Vang was convicted in 2006 of first-degree criminal sexual conduct for assaulting a young girl from 2002 to 2004, starting when she was just ten years old. According to Breitbart and the New York Post, investigators noted Vang offered his victim $10 for her silence and dismissed his crimes as "minor things" and "a cultural thing." He received a suspended 12-year prison sentence, 30 years of probation, and served a mere eight months in a county workhouse. A federal immigration judge ordered him deported in 2006.
Vang first entered the country in 1994 under the Clinton administration, which granted him permanent residency as a refugee. When ICE finally arrested him late last year during Operation Metro Surge, a Minnesota judge ordered his release in February. Then, on June 10, Walz, Ellison, and Hudson not only pardoned him—they sent him a letter of congratulations.
The strategy was transparent: wipe the state conviction to strip the federal government of its basis for removal. It failed. Secretary of State Marco Rubio revoked Vang’s legal status earlier this week, and ICE deported him on Friday. Laos has no formal repatriation agreement with the U.S., but the Trump administration pressured the country to take him back. "Americans must not be forced by their elected leaders to live alongside foreign sex criminals, who have no right to begin with to reside in our country," Rubio stated. DHS Acting Assistant Secretary Lauren Bis didn't mince words, calling Walz's pardon "disgusting" and accusing sanctuary politicians of protecting criminal illegal aliens.
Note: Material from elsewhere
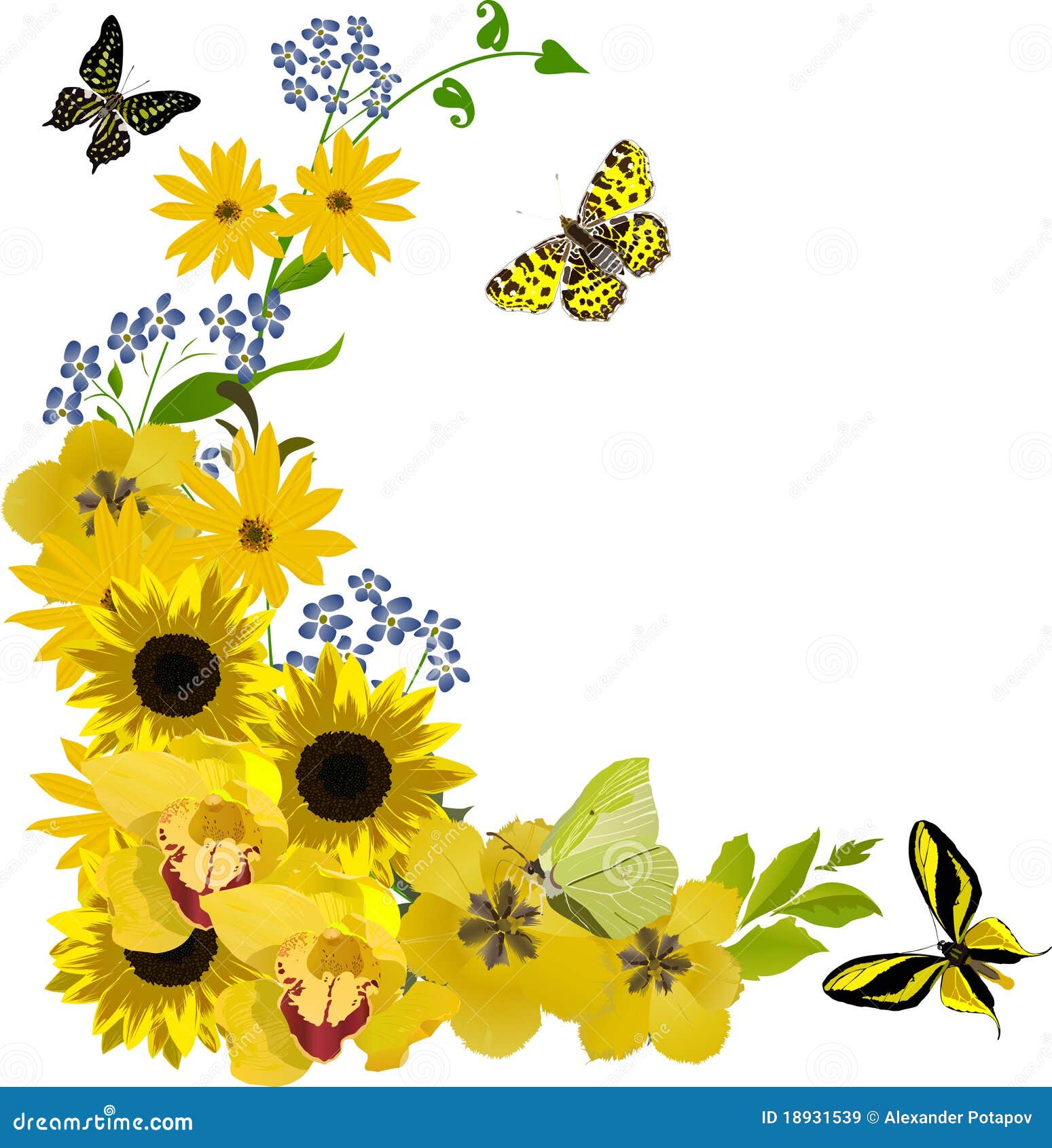 Download Pattern With Yellow Sunflowers And Butterflies Stock ...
The establishment press will look for any excuse to bury this. The New York Post noted that Ramsey County prosecutors opposed the clemency bid, revealing that Vang only got a lenient sentence originally because his victim "was experiencing pressure from her family to not cooperate." Walz and his board knew this, yet they still chose to side with the predator.
A state pardon cannot override federal immigration law, a constitutional reality Walz ignored to signal his virtue. The child rapist is back in Laos, but the politicians who fought to release him onto American streets remain in power.